The peak must decline, and the decline must rise again; the development of things always follows its own laws. This Tuesday, Bitcoin laid out a medium-term short position at the high of 10200, accurately predicting the downward targets of 98000 and 92000, which were achieved one by one. Meanwhile, Ethereum's short position from 3720 to 3250 also successfully reached its target, perfectly illustrating the precision of the strategy.

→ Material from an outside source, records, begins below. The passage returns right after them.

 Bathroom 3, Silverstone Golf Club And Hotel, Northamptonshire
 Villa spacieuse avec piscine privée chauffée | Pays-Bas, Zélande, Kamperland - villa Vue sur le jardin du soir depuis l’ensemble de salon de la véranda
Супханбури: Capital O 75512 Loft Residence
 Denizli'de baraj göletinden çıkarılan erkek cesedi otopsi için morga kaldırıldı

At four in the morning, the 91200 level was likely established as a short-term low or second-low. When Bitcoin first touched 91700 last night, we decisively provided a long position strategy at 91800, successfully rebounding to the 94600 level. This round of market fluctuation during the transition between long and short positions was precisely captured by us, allowing for profits in both directions. Ethereum did not lag behind either, with a long position at 3220 easily rebounding above 3330, netting a profit of a hundred points.

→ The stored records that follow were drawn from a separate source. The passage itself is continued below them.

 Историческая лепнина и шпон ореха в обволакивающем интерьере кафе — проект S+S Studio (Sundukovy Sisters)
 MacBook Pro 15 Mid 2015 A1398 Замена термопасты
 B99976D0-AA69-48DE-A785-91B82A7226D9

The first non-farm payroll data of the new year will make a significant appearance tonight, with an expected value of only 160,000 people, a sharp decrease from the previous value of 227,000. The unemployment rate remains stable at 4.2%. At this moment, the market appears calm on the surface, but there are undercurrents; all parties are quietly waiting for the impact of the non-farm data. This calm is about to be broken, and new waves are about to rise.
Moreover, this month also marks the significant event of Trump’s official inauguration. Its implementation will undoubtedly trigger a chain reaction in the market, leading to unprecedented changes in the landscape.
However, in my personal opinion, despite the market's high expectations, the non-farm data may not be a significant boon for Bitcoin, and the possibility of Bitcoin breaking through is also quite slim. The long position made at the low yesterday was merely based on the trading strategy of high shorts and low longs within a fluctuating pattern.
From a technical analysis perspective, the 96000 - 97000 area for Bitcoin constitutes a solid technical resistance level, with 98000 being a strong pressure point above. Although the current market has shown some strength, there is insufficient momentum for a sustained significant rise. Therefore, it is advisable to boldly short when rebounding to the 96000-97000 range; if the price dips first in the evening, one can also consider going long near the support level of 91500-90500.
In the face of data-driven market conditions, volatility is bound to intensify. Those who attempt to double their funds based on data or events often find that things do not go as planned. We should maintain a calm mindset and strictly control our positions and risks. Conservative investors might wait until after the data is released and the market trend stabilizes before entering, which would be a wise move.